The Throne of Zog: Monarchy in Albania 1928-1939
Jason Tomes looks at the reign of King Zog.
Shortly before five o’clock on Saturday, September 1st, 1928, Europe gained a new kingdom and its only Muslim king: thirty-two year-old Zog I of Albania. Few foreign journalists were actually present in the Parliament House in Tirana to see him swear his oath on the Koran and the Bible, yet the birth of the Kingdom of Albania – a native monarchy, not an alien imposition – did attract a flicker of international attention. King Zog was a curiosity. So he has remained. Information about him was scarce enough even during his reign. Then the Albanian Communists, who governed from 1944 to 1991, minimised his place in history and shunned the rest of the world.

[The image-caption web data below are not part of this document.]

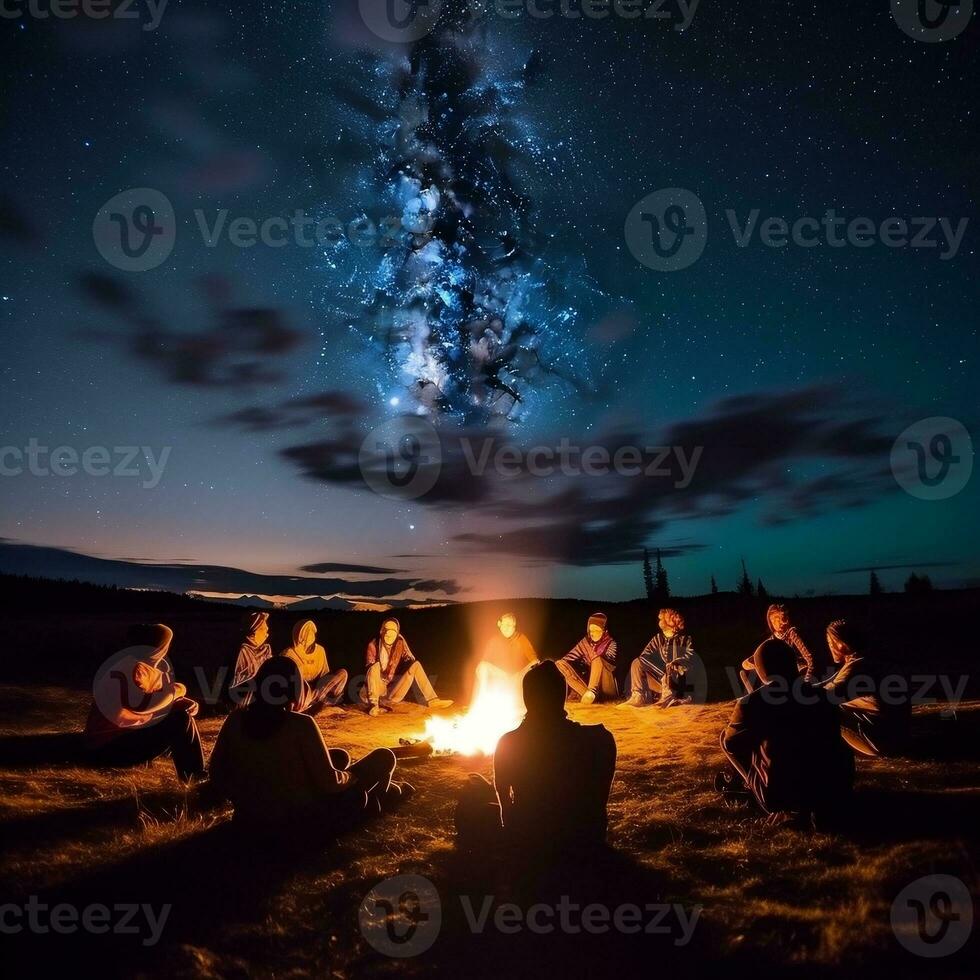 A group of friends sitting around a campfire under a starry sky generative ai photo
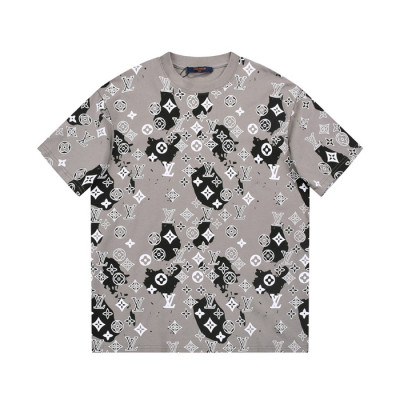 루이비통 남성 크루넥 그레이  반팔티 - Louis vuitton Mens Gray Short sleeved Tshirts - lv1574x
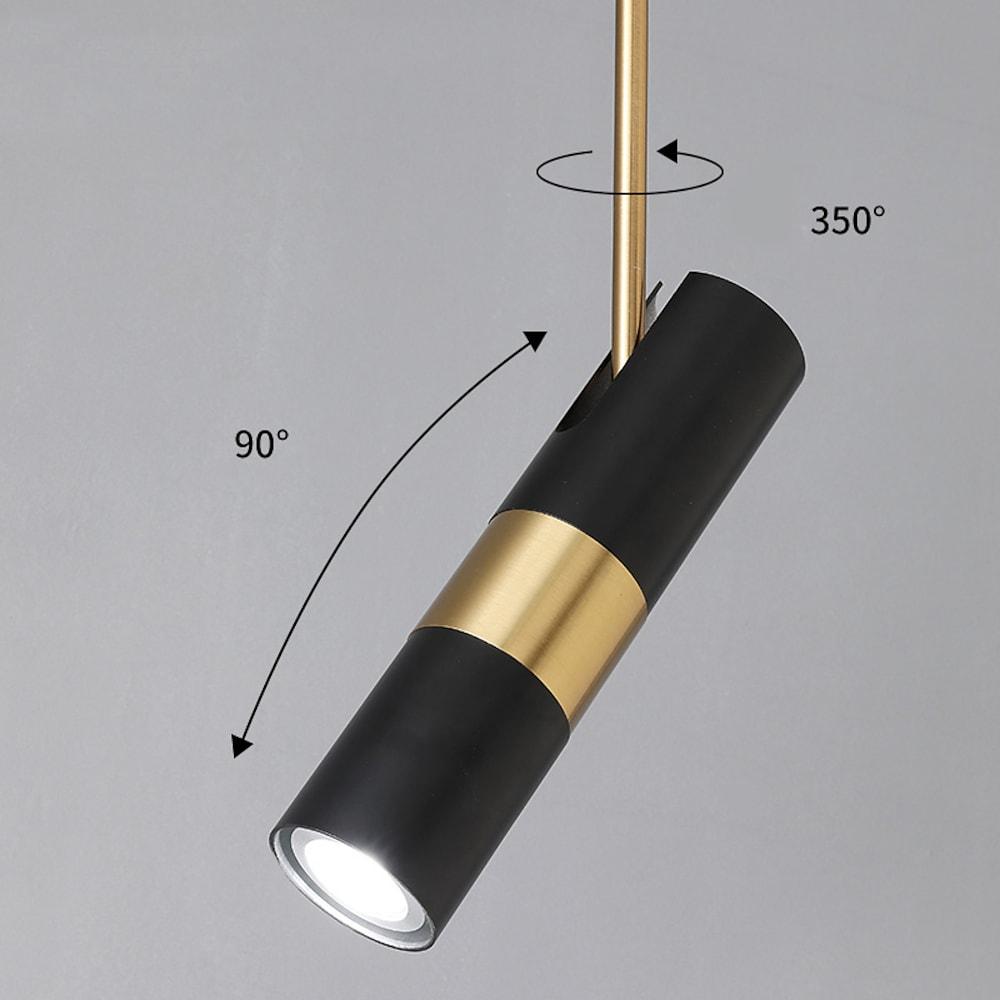 Technical detail of black adjustable cylindrical pendant light with 90 degree tilt 350 rotation.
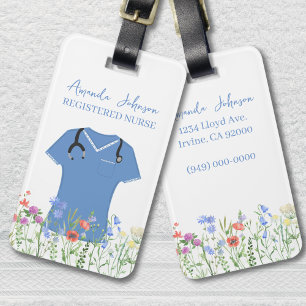 Personalized Nurse RN LPN NP Blue Scrubs Luggage Tag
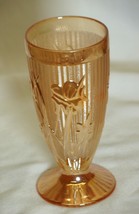 Jeannette Marigold Carnival Glass Footed Tumbler Iris &amp; Herringbone Irid... - $21.77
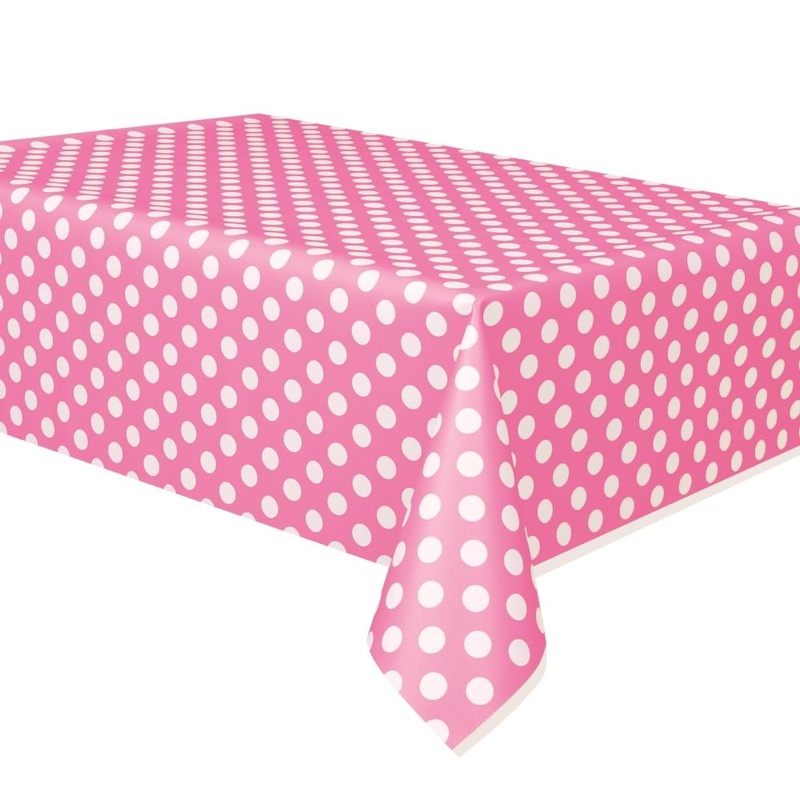 Hot Pink Tablecloth - Polka Dot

For five decades, Albania was synonymous with hard-line Marxism-Leninism. Two visitations of the global media circus – in 1997 and 1999 – have latterly conveyed a picture of the disorder that has followed Communism. What about the Zogist monarchy that went before it?
The modern state of Albania came into being as a result of the Balkan Wars of 1912-13 after 500 years of Ottoman Turkish rule. The Great Powers recognised its independence yet drew its boundaries so tightly that half of all Albanians were outside them. A German princeling, Wilhelm of Wied, was chosen to be its ruler. He stayed a mere six months in a land so racked by revolt and subversion as to be widely reckoned ungovernable.